- WHAT YOU ARE ASKED TO DO
An exact copy of all the data is required.

[Items from a dataset]
┏━━
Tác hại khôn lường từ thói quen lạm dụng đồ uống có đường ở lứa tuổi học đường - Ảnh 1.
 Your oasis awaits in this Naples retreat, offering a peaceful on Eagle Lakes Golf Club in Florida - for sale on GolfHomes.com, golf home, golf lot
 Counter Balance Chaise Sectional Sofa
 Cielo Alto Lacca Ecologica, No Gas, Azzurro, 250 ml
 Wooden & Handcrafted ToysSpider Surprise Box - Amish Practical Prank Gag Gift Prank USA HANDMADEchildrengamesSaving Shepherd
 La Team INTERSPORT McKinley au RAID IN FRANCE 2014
┗━━
- COMPLETED EXERCISE
Tác hại khôn lường từ thói quen lạm dụng đồ uống có đường ở lứa tuổi học đường - Ảnh 1.
 Your oasis awaits in this Naples retreat, offering a peaceful on Eagle Lakes Golf Club in Florida - for sale on GolfHomes.com, golf home, golf lot
 Counter Balance Chaise Sectional Sofa
 Cielo Alto Lacca Ecologica, No Gas, Azzurro, 250 ml
 Wooden & Handcrafted ToysSpider Surprise Box - Amish Practical Prank Gag Gift Prank USA HANDMADEchildrengamesSaving Shepherd
 La Team INTERSPORT McKinley au RAID IN FRANCE 2014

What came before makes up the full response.